For the pepper sauce
- Ground black pepper + Sichuan pepper powder – Double pepper for that bold kick.
- Honey – Just enough to balance the spice.
- Soy sauce – A second round, this time for the sauce.
- Chicken stock – Brings everything together and makes it saucy.
For the slurry
- Cornflour mixed with water – A quick thickener so the sauce clings to the chicken.
For the stir-fry
- Oil – Any neutral cooking oil you like.
- Garlic + ginger, finely chopped – Because the aroma when they hit hot oil is unbeatable.
- Green chillies, slit – A little extra heat.
- Celery, onions, and red bell pepper – Crunchy veggies to balance the chicken.
- Spring onion greens – To finish with freshness.
Richa’s Top Tips
- Cook on high flame – Quick stir-frying keeps the chicken tender and gives that smoky flavour.
- Crush fresh pepper – Freshly ground pepper really makes the sauce shine.
- Don’t overcook veggies – Toss just enough so onions, celery, and peppers keep their crunch.
- Add slurry last – Mix in the cornflour slurry at the end so the sauce thickens and coats evenly.
- Use chicken thighs – They stay juicier than breast meat, especially on high heat.
Frequently Asked Questions
Yes! Just don’t overcook it, breast meat dries out much faster than thighs.
Skip it and stick to regular black pepper. The dish will still taste amazing, just with less of that numbing spice.
Of course. Reduce the green chillies and cut back a little on the pepper. You’ll still get all the flavour without the heat overload.
The cornflour slurry is the secret, add it at the end and let it simmer for a minute to thicken and coat the chicken.
It’s best eaten fresh, but if you’ve got leftovers, warm them up quickly in a pan on high heat to bring back the texture.

Storage Tips
- Fridge: Leftovers will keep in the fridge for up to 2 days. Store in an airtight container and reheat quickly in a pan on high heat so the chicken doesn’t turn soggy.
- Freezer: Not the best recipe for freezing since the veggies lose their crunch and the sauce can separate. Fresh is best here.

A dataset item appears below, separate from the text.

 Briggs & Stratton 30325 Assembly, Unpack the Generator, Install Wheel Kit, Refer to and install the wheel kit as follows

- Meal prep hack: You can marinate the chicken a day in advance and keep it in the fridge. That way, when it’s cooking time, you just toss and stir-fry.
Serving Ideas
Black pepper chicken is bold and saucy, which makes it perfect to pair with some of your favourite Indo-Chinese sides from the blog:
- Veg Fried Rice – A classic pairing. The peppery chicken and fluffy fried rice are made for each other.

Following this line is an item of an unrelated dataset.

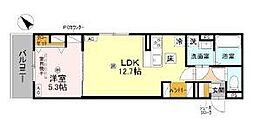 D-ROOM平井A棟 1LDKの間取図画像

- Hakka Noodles – Toss the chicken alongside garlicky noodles for the ultimate comfort meal.
- Veg Manchurian – Double up on flavour with this combo.
- Chilli Garlic Fried Rice – The garlicky notes play beautifully with the pepper sauce.
- Egg Fried Rice – Simple, quick, and perfect when you want to keep things fuss-free.
- Veg Spring Rolls – Use the chicken as a main with crispy spring rolls on the side.
- Chilli Paneer – For a party spread, pair black pepper chicken with another crowd favourite.
Customisation Ideas
- Make it saucier – Double the stock and slurry if you like more gravy to spoon over rice.
- Tone down the heat – Skip the green chillies and cut back on the pepper for a milder version.
- Go veggie – Swap chicken with mushrooms, paneer, or tofu for a vegetarian take.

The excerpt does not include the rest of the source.